My child was sexually harassed on the school bus & the reality set in

Guest post by rebecca lane

Content warning: sexual harassment. Not ready for it today? No worries, head to safety!

My child sexually was harassed on the school bus & the reality set in
Photo by Jed Villejo

“So Young”

Yesterday should have been a normal day. It started off that way. But instead it became a first for my eldest daughter. My daughter asked a boy to stop using profanities, and instead, he used them more and more, especially directed at her. And then he threatened her, repeatedly.

Because the bus only makes specific stops, and none of them are unscheduled, my daughter had to wait for her stop, enduring the language and threats that were thrown at her.

When the bus did stop, she ran as fast as she could and into my arms. Her whole body shook with fear and anger. The bus pulled away and we stood there as she tried to find the words. It came out in bits and pieces. “___ said he’d kick me,” as she gestured below her waist, in her private area. Finally, shaking she told me. “He said he’d kick me in the vagina.”

I almost said, “Honey it happens to everyone. Someone always says something stupid like that. You just have to ignore it.” Thankfully, something stopped me.

That was the day our daughter became the victim of sexually violent language. She is ten years old. The boy was twelve.
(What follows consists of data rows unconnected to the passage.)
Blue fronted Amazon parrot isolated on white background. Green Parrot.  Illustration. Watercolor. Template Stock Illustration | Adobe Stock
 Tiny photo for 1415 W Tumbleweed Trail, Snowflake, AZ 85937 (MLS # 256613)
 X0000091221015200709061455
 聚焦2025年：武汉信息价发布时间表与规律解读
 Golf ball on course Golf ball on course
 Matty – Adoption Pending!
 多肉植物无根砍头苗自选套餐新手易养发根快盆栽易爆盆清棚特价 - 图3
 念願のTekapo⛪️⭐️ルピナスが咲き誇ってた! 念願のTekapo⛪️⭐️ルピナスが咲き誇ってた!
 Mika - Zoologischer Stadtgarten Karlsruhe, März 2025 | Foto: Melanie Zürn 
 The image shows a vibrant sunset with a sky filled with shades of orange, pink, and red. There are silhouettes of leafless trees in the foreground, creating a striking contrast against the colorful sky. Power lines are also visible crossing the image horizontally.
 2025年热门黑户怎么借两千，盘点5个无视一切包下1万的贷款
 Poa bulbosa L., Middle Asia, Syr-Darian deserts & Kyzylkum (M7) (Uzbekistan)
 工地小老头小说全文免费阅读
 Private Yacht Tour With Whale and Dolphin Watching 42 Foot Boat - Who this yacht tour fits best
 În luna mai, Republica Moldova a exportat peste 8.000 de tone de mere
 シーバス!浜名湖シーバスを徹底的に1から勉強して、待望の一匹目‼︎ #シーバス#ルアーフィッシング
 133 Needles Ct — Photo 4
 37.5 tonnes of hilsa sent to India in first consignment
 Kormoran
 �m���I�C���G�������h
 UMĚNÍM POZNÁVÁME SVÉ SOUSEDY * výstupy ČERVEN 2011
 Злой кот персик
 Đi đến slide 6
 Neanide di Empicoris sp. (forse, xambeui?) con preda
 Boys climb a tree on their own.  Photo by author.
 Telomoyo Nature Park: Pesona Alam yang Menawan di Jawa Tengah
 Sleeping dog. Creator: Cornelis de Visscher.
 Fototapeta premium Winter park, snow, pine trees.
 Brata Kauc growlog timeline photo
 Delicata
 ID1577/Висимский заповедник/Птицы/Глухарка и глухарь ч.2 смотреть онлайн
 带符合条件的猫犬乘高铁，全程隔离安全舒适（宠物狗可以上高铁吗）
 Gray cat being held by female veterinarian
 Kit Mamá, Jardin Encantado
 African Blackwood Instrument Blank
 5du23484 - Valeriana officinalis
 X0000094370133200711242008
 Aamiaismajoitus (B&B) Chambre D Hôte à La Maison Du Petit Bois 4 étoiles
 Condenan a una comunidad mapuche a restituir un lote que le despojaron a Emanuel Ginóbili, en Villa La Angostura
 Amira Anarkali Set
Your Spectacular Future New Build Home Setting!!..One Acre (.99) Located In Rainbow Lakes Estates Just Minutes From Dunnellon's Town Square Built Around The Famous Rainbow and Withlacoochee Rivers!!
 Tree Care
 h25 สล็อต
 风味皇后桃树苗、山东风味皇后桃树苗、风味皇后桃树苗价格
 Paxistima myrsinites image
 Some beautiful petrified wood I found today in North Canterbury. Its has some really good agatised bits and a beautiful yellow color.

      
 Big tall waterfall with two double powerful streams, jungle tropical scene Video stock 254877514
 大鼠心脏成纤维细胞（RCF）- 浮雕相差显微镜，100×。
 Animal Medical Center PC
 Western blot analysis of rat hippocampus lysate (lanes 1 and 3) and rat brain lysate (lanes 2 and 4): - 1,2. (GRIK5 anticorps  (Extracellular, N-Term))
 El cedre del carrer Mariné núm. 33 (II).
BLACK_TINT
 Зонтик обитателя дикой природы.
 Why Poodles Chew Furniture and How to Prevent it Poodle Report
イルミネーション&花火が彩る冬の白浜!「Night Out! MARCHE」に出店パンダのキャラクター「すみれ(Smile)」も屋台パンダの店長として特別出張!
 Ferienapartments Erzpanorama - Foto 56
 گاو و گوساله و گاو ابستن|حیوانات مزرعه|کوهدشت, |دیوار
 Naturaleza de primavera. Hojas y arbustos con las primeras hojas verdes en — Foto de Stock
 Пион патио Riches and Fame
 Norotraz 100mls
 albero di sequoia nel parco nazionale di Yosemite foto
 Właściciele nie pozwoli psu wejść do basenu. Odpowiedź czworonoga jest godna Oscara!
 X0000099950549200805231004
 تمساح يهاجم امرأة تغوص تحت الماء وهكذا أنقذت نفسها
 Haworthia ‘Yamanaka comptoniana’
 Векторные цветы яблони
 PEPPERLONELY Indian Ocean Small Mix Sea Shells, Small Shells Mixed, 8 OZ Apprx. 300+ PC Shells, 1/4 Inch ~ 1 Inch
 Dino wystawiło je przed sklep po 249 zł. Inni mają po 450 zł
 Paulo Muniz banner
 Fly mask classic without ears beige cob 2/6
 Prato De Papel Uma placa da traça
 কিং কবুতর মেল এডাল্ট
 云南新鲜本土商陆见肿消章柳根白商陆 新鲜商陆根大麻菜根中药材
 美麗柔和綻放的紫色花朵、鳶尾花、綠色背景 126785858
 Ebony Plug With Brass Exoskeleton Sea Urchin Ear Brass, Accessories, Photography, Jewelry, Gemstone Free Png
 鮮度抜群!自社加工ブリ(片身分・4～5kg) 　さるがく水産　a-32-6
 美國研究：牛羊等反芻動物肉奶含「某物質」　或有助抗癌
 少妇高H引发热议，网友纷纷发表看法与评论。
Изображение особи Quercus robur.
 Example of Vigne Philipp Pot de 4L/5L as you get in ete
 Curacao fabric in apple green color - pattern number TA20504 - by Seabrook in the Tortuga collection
She was riding the school bus home from fifth grade.

As I held her while she cried and I carefully plotted out what exactly I would say to the boy’s mother and the bus driver, I grieved for my daughter. I almost said, “Honey it happens to everyone. Someone always says something stupid like that. You just have to ignore it.” Thankfully, something stopped me.

I could list the times something had been said or done to me when I was in school. Boys snapped bra straps so much that girls started to walk back-to-back as if they were in battle. The boys kept score. Other nastier boys would whisper to any girl sitting near them to “Close your legs, you’re making it smell like fish in here.” Or there was the old stand by jeer, “What’s wrong? You on your rag or something?”

I was not taught that this was sexual harassment. I was taught to ignore it. It was just the mean kids being mean or boys being boys, or better yet, “He is only doing that because he likes you.” “Just ignore them” was the mantra my parents said; “Ignore them and they’ll go away.”

In church, I was taught to wear modest clothing, not because it was a way of showing respect for myself and God, but because we didn’t want to tempt the boys into having dirty thoughts. The teachers were well-meaning I expect, but the message of modesty and their implementation was ridiculously skewed.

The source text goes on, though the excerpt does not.